DAVID HORN COLLECTION
No. 12754. Sloan Biplane
Source unknown

Sloan Biplane

03/31/2015. Remarks by Johan Visschedijk: "From 1910 to 1912 the American Jacques-Jules Sloan built his series of "bicurve" biplanes in a small workshop in the Paris suburb of Charenton. As with so many of the early designers and builders, it is difficult to determine how many of the machines appearing under his name were new ones, or merely earlier ones modified and developed.

His first was shown in 1910, typical of his bicurve designs with the shorter top wing arching down at the tips and attached to the lower wing just inboard of the tips of the lower wing. The extended leading and trailing edges of the upper wing joined those of the lower. The lower wing had some dihedral with drooping tips and large ailerons on the trailing edges near the ends. The long uncovered rectangular fuselage sat two in tandem behind the engine, a 50 hp Gnome with an 8 ft 2.4 in (2.5 m) diameter Sloan propeller.

A tall rectangular rudder stood up at the rear above a long tail plane set at a high angle on the fuselage. The elevators were connected to a forward elevator mounted on outriggers. The aeroplane rested in front on two pairs of wheels with a skid between each pair, and a tail wheel; the latter was replaced with a skid before the end of the year. The lower wings were called lifting surfaces and the upper ones stabilizing surfaces: the theory was that the downward curve of the lower wings would "slow the chute if the engine cut".

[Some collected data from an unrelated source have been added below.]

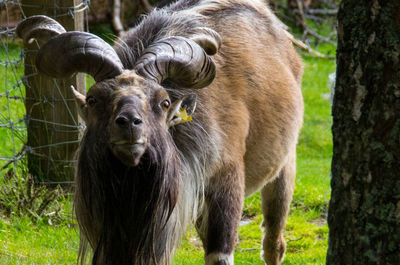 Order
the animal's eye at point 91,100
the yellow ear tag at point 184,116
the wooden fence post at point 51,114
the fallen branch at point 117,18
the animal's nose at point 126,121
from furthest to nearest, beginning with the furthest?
the fallen branch at point 117,18 → the wooden fence post at point 51,114 → the yellow ear tag at point 184,116 → the animal's eye at point 91,100 → the animal's nose at point 126,121

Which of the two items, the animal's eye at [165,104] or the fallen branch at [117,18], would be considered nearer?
the animal's eye at [165,104]

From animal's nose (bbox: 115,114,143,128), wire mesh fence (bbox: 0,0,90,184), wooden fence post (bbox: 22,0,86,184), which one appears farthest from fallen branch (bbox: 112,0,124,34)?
animal's nose (bbox: 115,114,143,128)

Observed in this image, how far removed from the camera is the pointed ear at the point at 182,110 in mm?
4012

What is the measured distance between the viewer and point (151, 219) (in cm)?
389

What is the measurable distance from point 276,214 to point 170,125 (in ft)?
6.84

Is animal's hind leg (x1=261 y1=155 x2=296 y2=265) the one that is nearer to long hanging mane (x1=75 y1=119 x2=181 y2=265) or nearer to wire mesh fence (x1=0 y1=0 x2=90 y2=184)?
wire mesh fence (x1=0 y1=0 x2=90 y2=184)

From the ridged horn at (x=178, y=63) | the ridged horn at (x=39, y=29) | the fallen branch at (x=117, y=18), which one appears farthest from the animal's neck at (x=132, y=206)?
the fallen branch at (x=117, y=18)

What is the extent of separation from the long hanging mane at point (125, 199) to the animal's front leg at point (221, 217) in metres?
0.38

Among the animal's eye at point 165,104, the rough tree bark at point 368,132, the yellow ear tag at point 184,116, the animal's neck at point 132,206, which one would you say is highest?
the rough tree bark at point 368,132

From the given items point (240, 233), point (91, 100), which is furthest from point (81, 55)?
point (240, 233)

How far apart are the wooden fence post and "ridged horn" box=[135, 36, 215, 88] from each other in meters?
1.89

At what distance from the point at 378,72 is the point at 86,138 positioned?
71.5 inches

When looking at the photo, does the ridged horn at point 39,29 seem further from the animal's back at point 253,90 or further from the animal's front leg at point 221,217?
the animal's front leg at point 221,217

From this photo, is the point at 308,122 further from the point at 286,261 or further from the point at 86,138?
the point at 86,138
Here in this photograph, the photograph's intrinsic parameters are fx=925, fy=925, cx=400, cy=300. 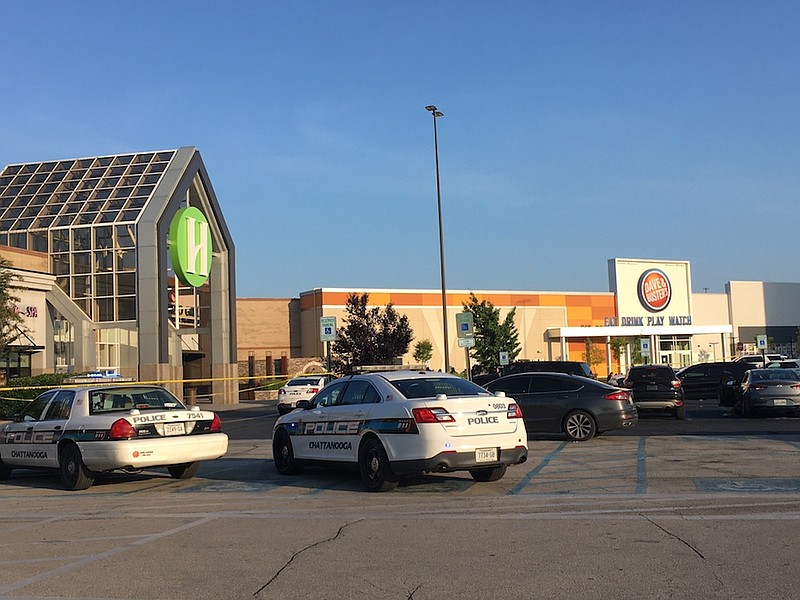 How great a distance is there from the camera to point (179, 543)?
8945mm

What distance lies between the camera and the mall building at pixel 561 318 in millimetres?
79375

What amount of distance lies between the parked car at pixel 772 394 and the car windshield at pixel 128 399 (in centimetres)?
1642

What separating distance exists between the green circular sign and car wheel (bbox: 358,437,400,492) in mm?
31405

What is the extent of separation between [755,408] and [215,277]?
102 ft

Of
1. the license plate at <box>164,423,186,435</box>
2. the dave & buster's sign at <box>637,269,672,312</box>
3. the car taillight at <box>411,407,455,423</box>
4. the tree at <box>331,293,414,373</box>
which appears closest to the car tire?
the license plate at <box>164,423,186,435</box>

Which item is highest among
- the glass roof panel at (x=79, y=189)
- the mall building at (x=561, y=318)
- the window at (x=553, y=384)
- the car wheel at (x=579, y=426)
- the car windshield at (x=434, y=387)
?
the glass roof panel at (x=79, y=189)

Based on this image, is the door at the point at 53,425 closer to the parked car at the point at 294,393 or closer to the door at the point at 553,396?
the door at the point at 553,396

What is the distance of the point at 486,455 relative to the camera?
11773mm

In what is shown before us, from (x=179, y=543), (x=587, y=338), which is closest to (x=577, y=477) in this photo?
(x=179, y=543)

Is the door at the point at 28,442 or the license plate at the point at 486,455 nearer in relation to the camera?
the license plate at the point at 486,455

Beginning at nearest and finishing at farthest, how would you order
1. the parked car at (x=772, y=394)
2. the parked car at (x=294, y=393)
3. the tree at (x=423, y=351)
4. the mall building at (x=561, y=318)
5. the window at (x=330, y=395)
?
the window at (x=330, y=395)
the parked car at (x=772, y=394)
the parked car at (x=294, y=393)
the tree at (x=423, y=351)
the mall building at (x=561, y=318)

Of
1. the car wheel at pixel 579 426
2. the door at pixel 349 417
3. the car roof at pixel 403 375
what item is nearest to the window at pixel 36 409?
the door at pixel 349 417

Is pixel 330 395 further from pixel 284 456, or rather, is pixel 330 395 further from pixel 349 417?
pixel 284 456

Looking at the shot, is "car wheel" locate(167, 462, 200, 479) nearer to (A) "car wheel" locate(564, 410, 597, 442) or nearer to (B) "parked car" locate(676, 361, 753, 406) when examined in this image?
(A) "car wheel" locate(564, 410, 597, 442) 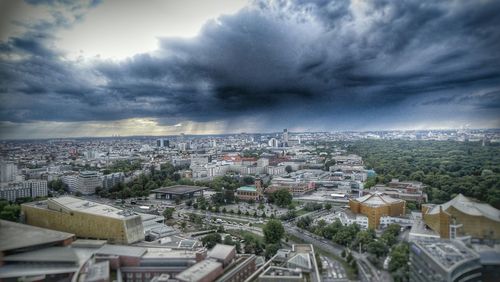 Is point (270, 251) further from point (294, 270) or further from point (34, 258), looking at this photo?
point (34, 258)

A similar machine, or the same one altered, was often photographed in flight. The forward elevator was gone, and a 35 hp Labor provided power through chains to the two tractor propellers. The pilot sat in a sort of bucket. Another version - or modification - flew next, with the Gnome and a single tractor propeller, front elevator, but with a less-drooping top wing. It crashed in 1911.

Sloan's penultimate reported flying machine was flying in 1912 at Issy, seemingly a throwback to the 1910 designs, with a similar twin skid; a final design was similar to the 1912 military aeroplane but with a small four-cylinder in-line engine."